5.Tenant represents and warrants that (a) Tenant is the rightful owner of all of the Tenant's interest in the Lease; (b) Tenant has not made any disposition, assignment, sublease, or conveyance of the Lease or Tenant's interest therein; (c) Tenant has no knowledge of any fact or circumstance which would give rise to any claim, demand, obligation, liability, action or cause of action arising out of or in connection with Tenant's occupancy of the Premises; (d) no other person or entity has an interest in the Lease, collateral or otherwise; and (e) there are no outstanding contracts for the supply of labor or material and no work has been done or is being done in, to or about the Premises which has not been fully paid for and for which appropriate waivers of mechanic's liens have not been obtained.
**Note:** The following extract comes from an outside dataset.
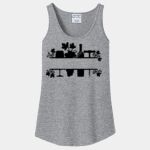 Women's Core Cotton Tank Top Thumbnail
The foregoing representations and warranties shall be deemed to be remade by Tenant in full as of the Early Termination Date.
6.Simultaneously with its delivery of this Agreement, executed by Tenant, to Landlord, but in any case, prior to the Early Termination Date, Tenant shall pay the Termination Fee to Landlord, by cashier's or certified check or by wire transfer of immediately available funds to an account designated by Landlord. In addition, Landlord shall be entitled to retain the entire Security Deposit.
7.Notwithstanding anything in this Termination Agreement to the contrary, Tenant shall remain liable for all year-end adjustments with respect to Tenant's Pro-Rata Share of Taxes and Expenses and all other Additional Rent requiring adjustment at year end for that portion of the calendar year up to and including the Early Termination Date. Such adjustments shall be paid at the time, in the manner and otherwise in accordance with the terms of the Lease, unless otherwise specified herein.
8.Section 13 of the Lease shall survive the termination of the Lease pursuant to this Termination Agreement.
9.Each signatory of this Termination Agreement represents hereby that he or she has the authority to execute and deliver the same on behalf of the party hereto for which such signatory is acting.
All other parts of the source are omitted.